One question Bansho is often asked by Americans is what role Japan would take in combat if a war erupts in the Taiwan Strait between the U.S. and China.
“The greatest contribution Japan can make is to properly defend itself,” Bansho said.
He pointed to Japan’s strategic location and explained that bolstering defenses at key chokepoints can create massive headaches for China.
Chinese aircraft carrier Liaoning sails through the Miyako Strait near Okinawa on its way to the Pacific in this handout photo taken by the Japan Self-Defense Forces and released by the Joint Staff Office of the Ministry of Defense on April 4, 2021. © Reuters
“China has nine exit points to the outer seas, and five of those are located in the Japanese archipelago,” he said.

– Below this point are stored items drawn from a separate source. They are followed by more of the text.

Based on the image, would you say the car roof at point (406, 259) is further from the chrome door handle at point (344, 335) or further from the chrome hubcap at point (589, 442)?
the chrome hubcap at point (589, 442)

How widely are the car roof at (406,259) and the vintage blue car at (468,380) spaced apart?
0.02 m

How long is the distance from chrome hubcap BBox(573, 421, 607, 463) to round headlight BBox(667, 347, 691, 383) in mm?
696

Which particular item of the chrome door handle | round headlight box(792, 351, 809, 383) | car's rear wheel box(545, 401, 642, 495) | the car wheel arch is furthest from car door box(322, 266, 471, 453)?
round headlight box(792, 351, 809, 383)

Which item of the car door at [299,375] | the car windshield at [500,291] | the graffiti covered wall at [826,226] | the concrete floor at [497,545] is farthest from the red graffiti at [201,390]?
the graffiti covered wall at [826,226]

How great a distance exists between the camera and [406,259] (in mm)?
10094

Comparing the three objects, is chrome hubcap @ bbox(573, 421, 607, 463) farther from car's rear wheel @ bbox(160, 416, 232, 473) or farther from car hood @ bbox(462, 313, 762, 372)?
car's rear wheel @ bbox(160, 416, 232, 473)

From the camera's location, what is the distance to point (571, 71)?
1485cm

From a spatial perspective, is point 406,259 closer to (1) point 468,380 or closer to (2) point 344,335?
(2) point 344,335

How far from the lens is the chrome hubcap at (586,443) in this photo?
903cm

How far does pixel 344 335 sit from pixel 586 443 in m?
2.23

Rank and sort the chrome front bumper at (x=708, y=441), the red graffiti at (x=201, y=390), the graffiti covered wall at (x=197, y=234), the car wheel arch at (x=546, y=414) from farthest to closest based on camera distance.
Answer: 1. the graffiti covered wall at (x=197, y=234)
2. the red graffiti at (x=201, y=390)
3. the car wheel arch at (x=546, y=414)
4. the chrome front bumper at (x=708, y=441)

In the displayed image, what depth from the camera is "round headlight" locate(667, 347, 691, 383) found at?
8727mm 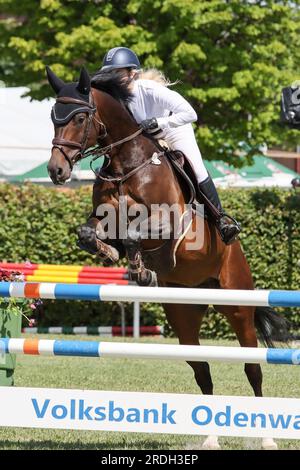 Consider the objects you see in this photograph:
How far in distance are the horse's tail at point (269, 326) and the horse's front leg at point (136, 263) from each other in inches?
54.7

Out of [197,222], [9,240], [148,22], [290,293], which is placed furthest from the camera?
[148,22]

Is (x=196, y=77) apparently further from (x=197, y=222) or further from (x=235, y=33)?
(x=197, y=222)

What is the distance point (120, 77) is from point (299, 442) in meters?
2.66

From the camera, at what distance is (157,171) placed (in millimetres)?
6309

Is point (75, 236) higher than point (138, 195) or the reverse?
the reverse

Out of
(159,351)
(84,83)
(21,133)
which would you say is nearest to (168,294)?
(159,351)

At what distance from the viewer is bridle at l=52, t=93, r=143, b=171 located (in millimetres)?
5848

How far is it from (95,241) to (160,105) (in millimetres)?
1095

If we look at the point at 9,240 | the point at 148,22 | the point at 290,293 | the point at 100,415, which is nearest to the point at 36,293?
the point at 100,415

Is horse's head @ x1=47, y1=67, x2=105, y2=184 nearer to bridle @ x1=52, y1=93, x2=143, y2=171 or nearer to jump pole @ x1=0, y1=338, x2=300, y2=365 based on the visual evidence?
bridle @ x1=52, y1=93, x2=143, y2=171

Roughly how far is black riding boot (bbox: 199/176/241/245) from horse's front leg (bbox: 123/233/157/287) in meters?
0.70

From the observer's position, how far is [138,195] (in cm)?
620

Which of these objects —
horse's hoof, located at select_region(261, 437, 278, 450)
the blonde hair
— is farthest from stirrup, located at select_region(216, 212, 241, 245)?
horse's hoof, located at select_region(261, 437, 278, 450)

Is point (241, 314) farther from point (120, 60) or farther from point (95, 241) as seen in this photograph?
point (120, 60) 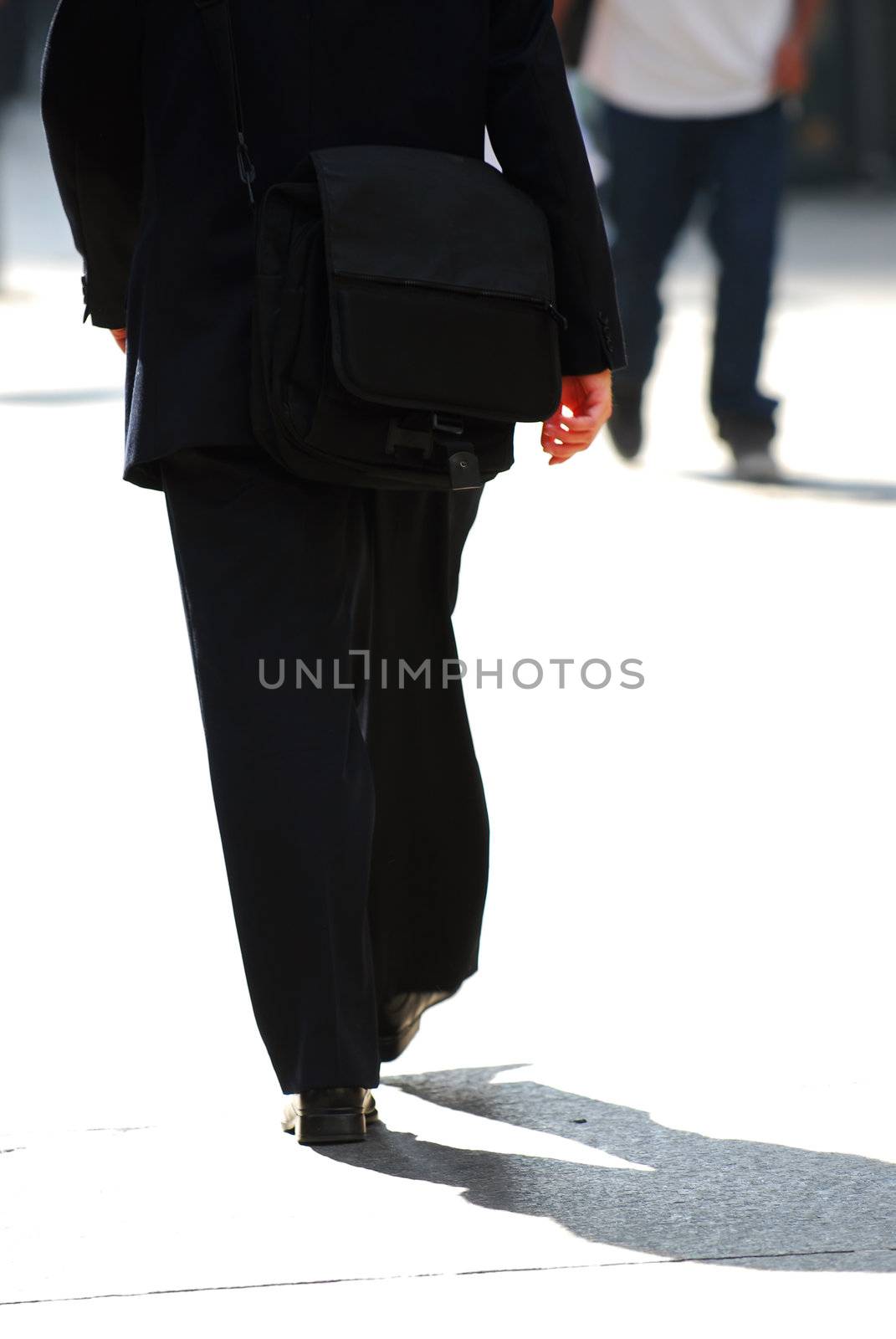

Those five are the Tsugaru Straits, between Honshu and Hokkaido in the north; the Osumi Strait, off the southwestern prefecture of Kagoshima; the Yokoate Channel, between the island of Amami Oshima and the island of Yokoate; the Miyako Strait, a 250-kilometer-wide passageway between Miyako Island and Okinawa Island; and the Yonaguni Channel, the waters off Japan’s westernmost island, located 110 km from Taiwan.
The other four exit points are the Bashi Channel, between Taiwan and the Philippines; the Lombok Strait, off Bali; the Sunda Strait, between the Indonesian islands of Java and Sumatra; and the Malacca Strait, which opens up to the Indian Ocean.
“One of Japan’s strategies is to impose costs on the opponent,” Bansho said. “For instance, if mines were scattered in the waters, it would be a hassle to remove them. If anti-air defenses were deployed, it would be very difficult to establish air superiority.”
But Bansho made clear that Japan’s Self-Defense Forces would not be fighting in Taiwan itself. “The main areas of the SDF’s activity will be in Japanese territory and perhaps international waters to protect Japanese ships,” he said. “A scenario in which the SDF will go onto Taiwanese land and defend Taipei alongside the U.S., for instance, is not expected,” Bansho said.
Bansho also argued that it is time for Japan to review its stringent “three non-nuclear principles” of not possessing or producing nuclear weapons and not permitting their introduction onto its territory.
“It is time to review the third principle of not letting the U.S. bring in nuclear weapons into Japan,” he said. Bansho stressed that this interferes with the American strategy for the Indo-Pacific.
“The U.S. is planning to disperse ground-based midrange missiles, previously banned by the Intermediate-Range Nuclear Forces Treaty, across the first island chain, including Japan’s southwest islands, to counter China, which is rapidly building up its nuclear force,” Bansho said, referring to the chain of islands outside China that encompass Japan, Taiwan, the Philippines and Indonesia.
“The U.S. has not specified whether these are conventional missiles or nuclear missiles, and they do not need to,” he said. “But for Japan to say ‘please don’t bring them’ in the name of the three non-nuclear principles does not advance Japan’s national interest.”